- [WORK TO BE COMPLETED]:
What needs reproducing is the run of lines in the data below starting at the line with "Whalers Rest Motor" and ending at the line with "Ace Ventura T Shirt", both ends included. Copy it exactly, without pictures, and add nothing.

- [MATERIAL SUPPLIED]:
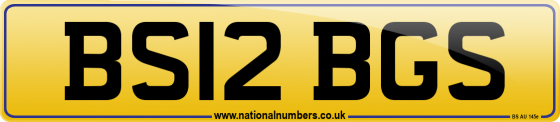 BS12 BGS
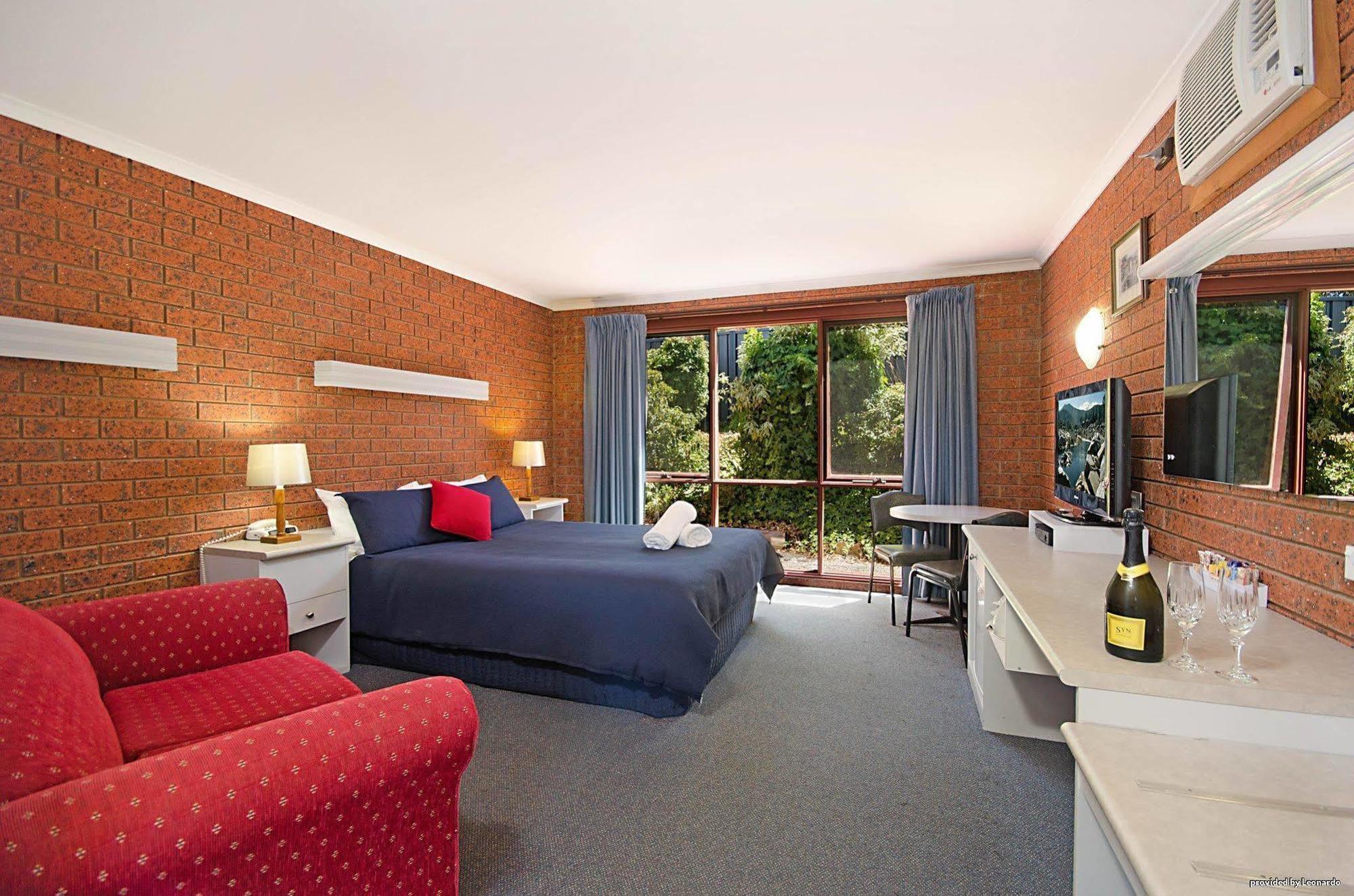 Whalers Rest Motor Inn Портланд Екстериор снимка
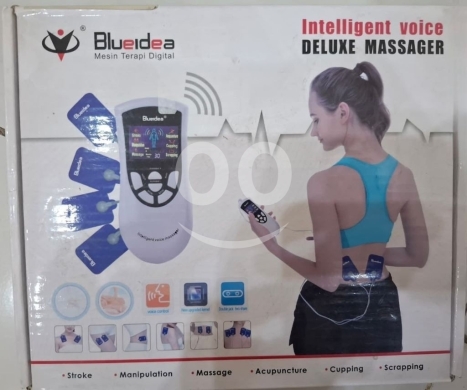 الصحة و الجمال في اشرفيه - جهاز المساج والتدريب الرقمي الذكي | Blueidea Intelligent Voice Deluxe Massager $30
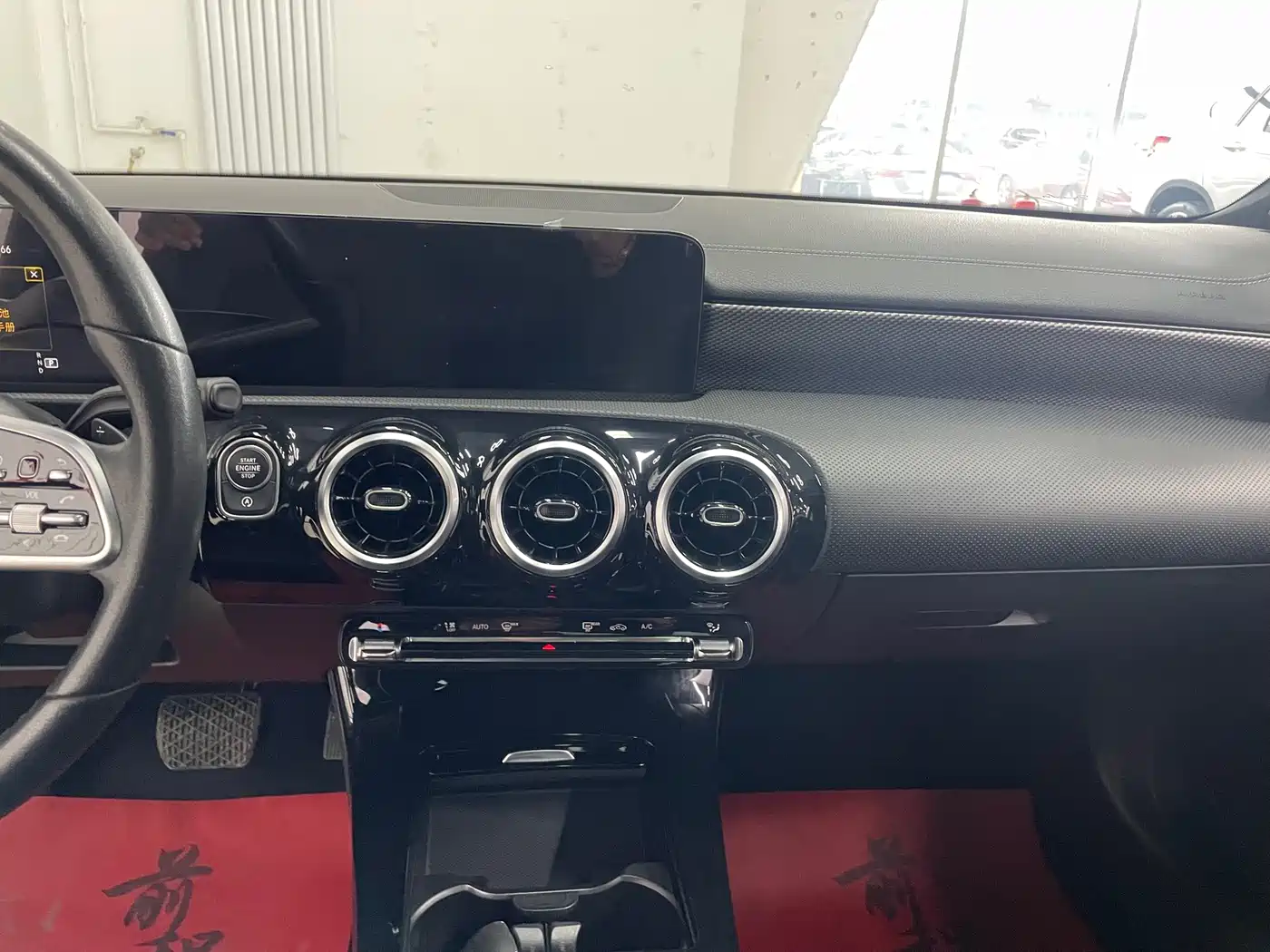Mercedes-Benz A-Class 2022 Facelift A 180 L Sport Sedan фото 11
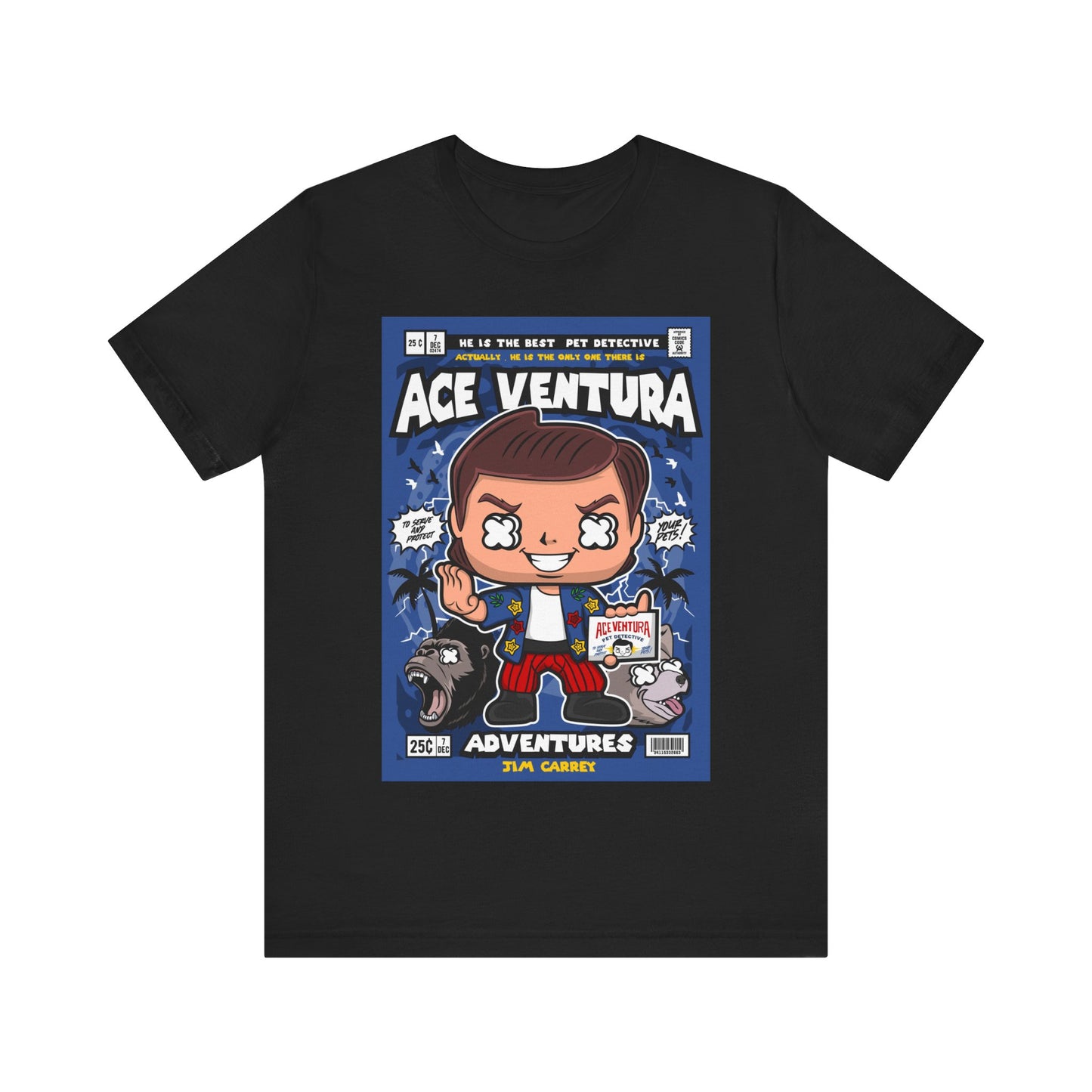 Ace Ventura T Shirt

...

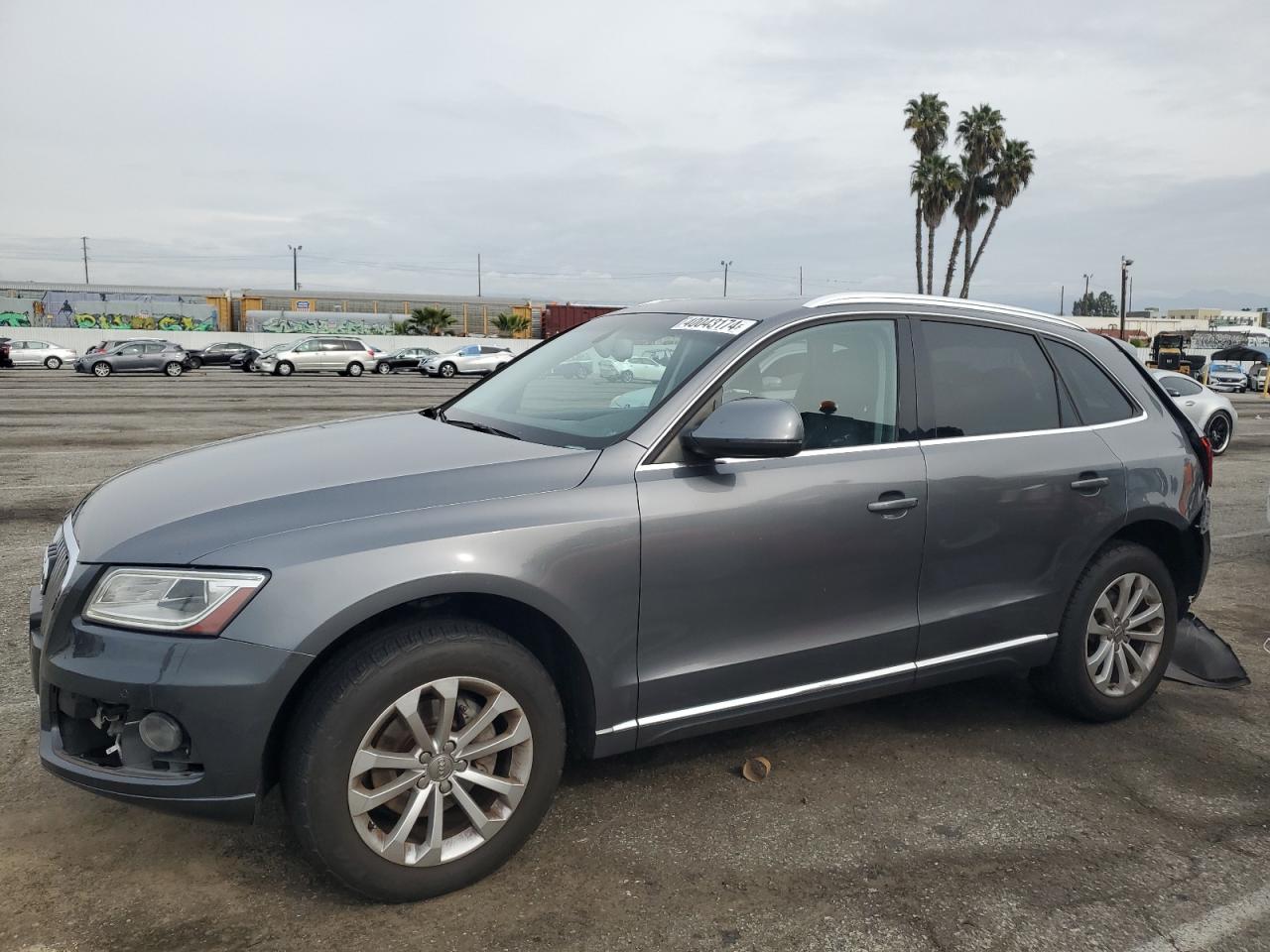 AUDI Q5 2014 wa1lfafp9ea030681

- [ANSWER BOX]:
 Whalers Rest Motor Inn Портланд Екстериор снимка
 الصحة و الجمال في اشرفيه - جهاز المساج والتدريب الرقمي الذكي | Blueidea Intelligent Voice Deluxe Massager $30
Mercedes-Benz A-Class 2022 Facelift A 180 L Sport Sedan фото 11
 Ace Ventura T Shirt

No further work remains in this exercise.